[[ ENTRIES PROVIDED, beginning ]]

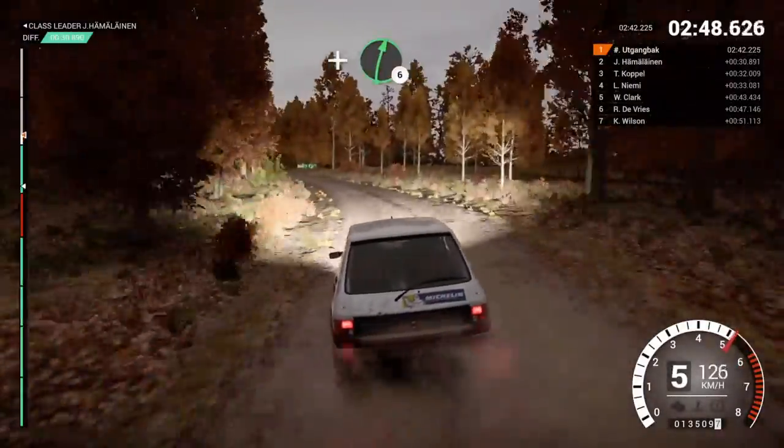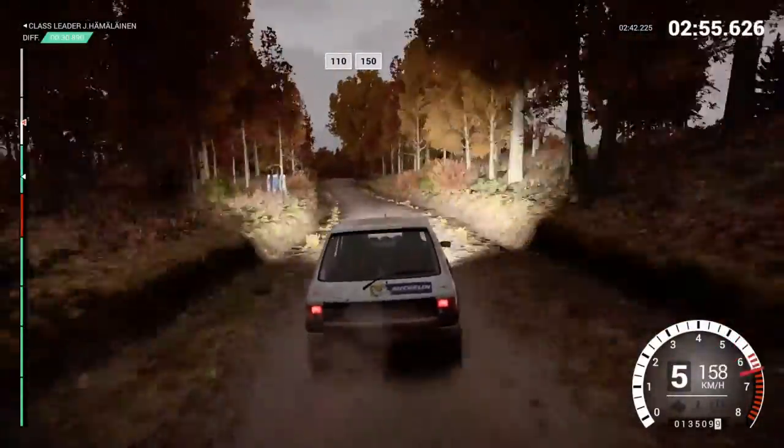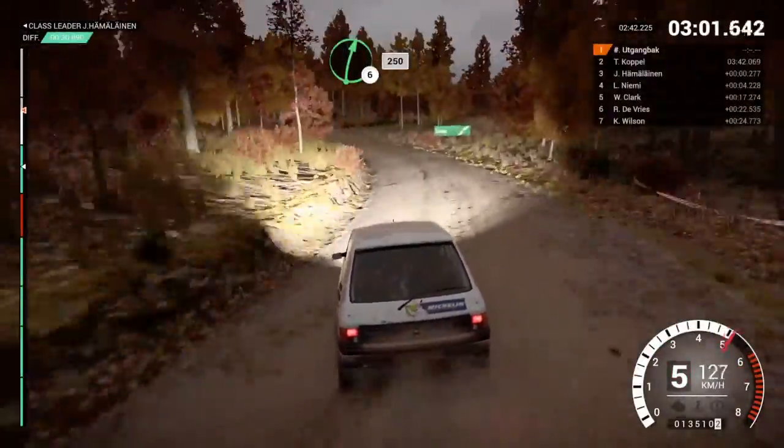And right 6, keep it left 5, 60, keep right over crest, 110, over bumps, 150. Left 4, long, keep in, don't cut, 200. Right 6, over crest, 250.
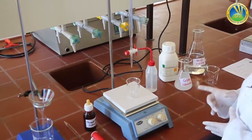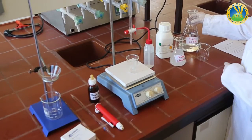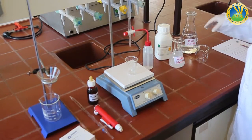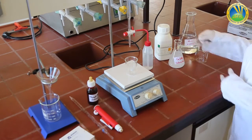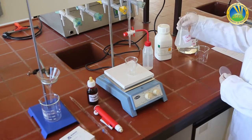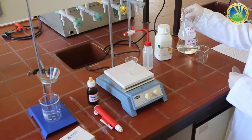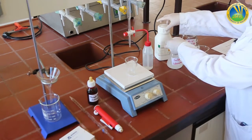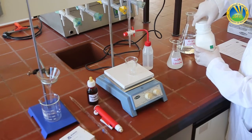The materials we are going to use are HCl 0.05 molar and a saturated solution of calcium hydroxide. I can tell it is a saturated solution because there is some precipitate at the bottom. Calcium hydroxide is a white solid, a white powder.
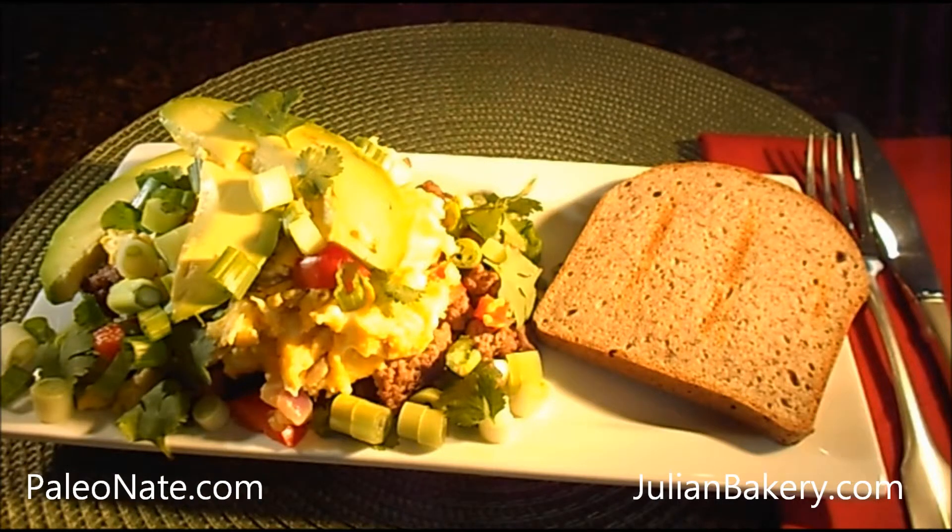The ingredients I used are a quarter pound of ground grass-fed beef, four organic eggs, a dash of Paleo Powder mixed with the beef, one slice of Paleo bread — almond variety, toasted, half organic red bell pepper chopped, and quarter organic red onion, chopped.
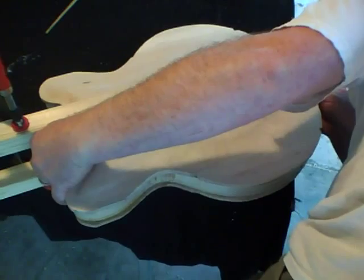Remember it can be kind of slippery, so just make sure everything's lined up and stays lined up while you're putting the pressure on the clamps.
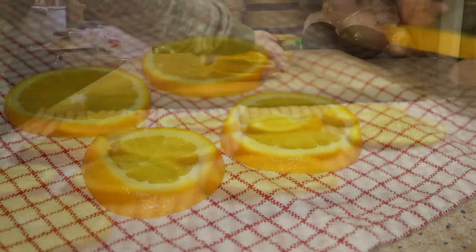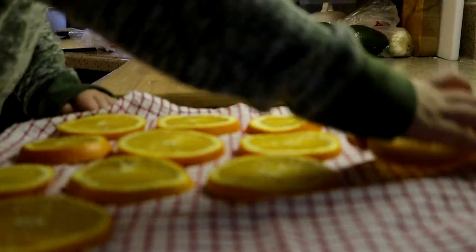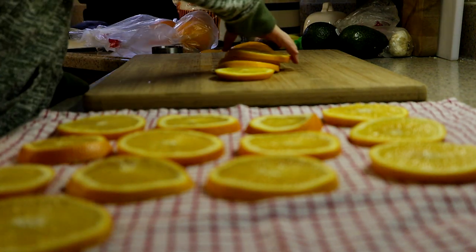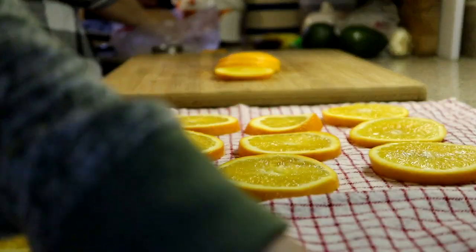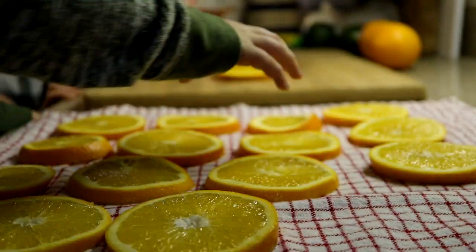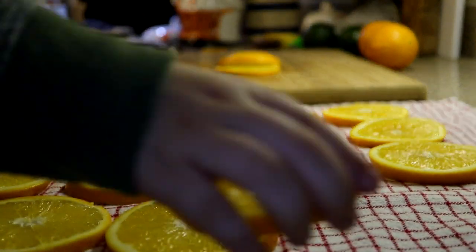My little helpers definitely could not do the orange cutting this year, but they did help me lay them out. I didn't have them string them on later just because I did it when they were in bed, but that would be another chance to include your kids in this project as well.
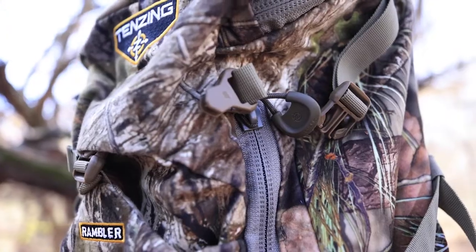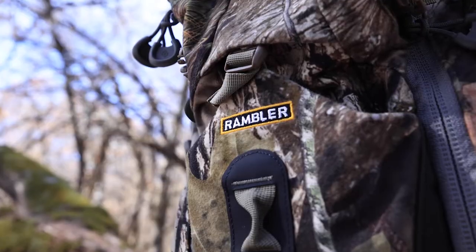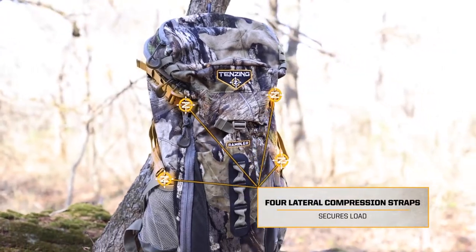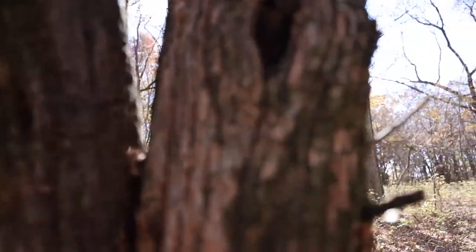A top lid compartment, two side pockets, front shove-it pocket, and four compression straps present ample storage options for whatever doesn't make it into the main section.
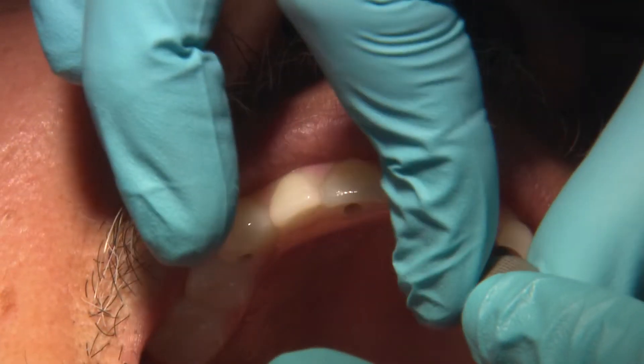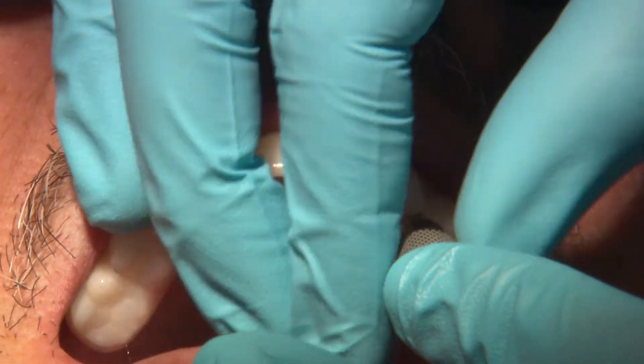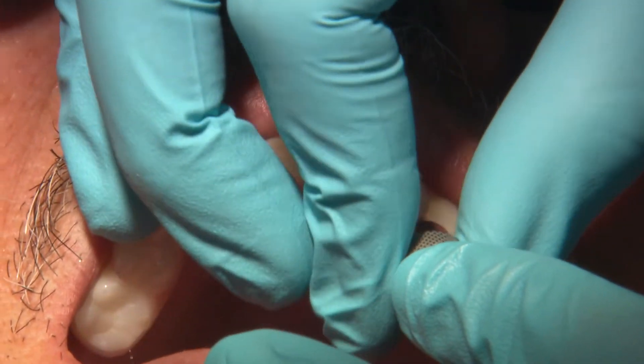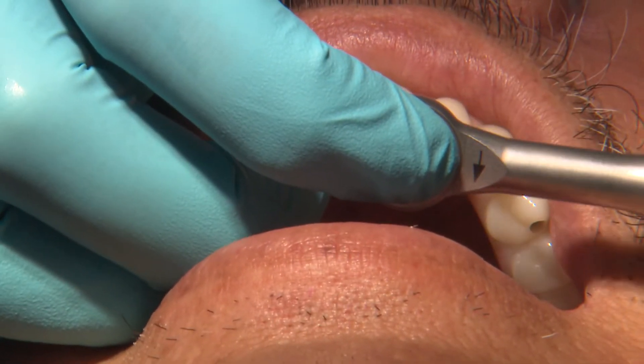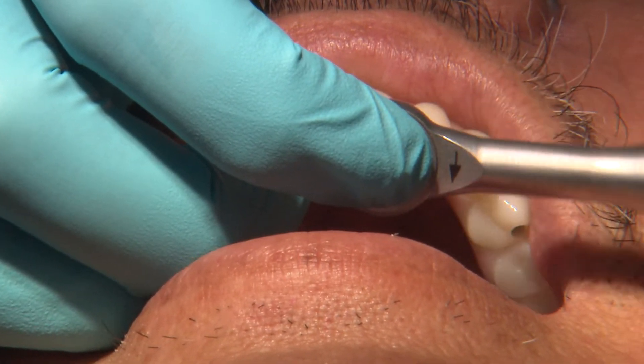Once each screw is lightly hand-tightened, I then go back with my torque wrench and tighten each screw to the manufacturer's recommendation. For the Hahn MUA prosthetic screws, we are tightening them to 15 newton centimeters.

[[ ENTRIES PROVIDED, end ]]

**WORK ORDER**
The copy should hold exactly the lines from the line containing "A top lid compartment, two" through the end of the data, both ends included, and no pictures.

**OUTPUT OF THE TASK**
A top lid compartment, two side pockets, front shove-it pocket, and four compression straps present ample storage options for whatever doesn't make it into the main section.
Once each screw is lightly hand-tightened, I then go back with my torque wrench and tighten each screw to the manufacturer's recommendation. For the Hahn MUA prosthetic screws, we are tightening them to 15 newton centimeters.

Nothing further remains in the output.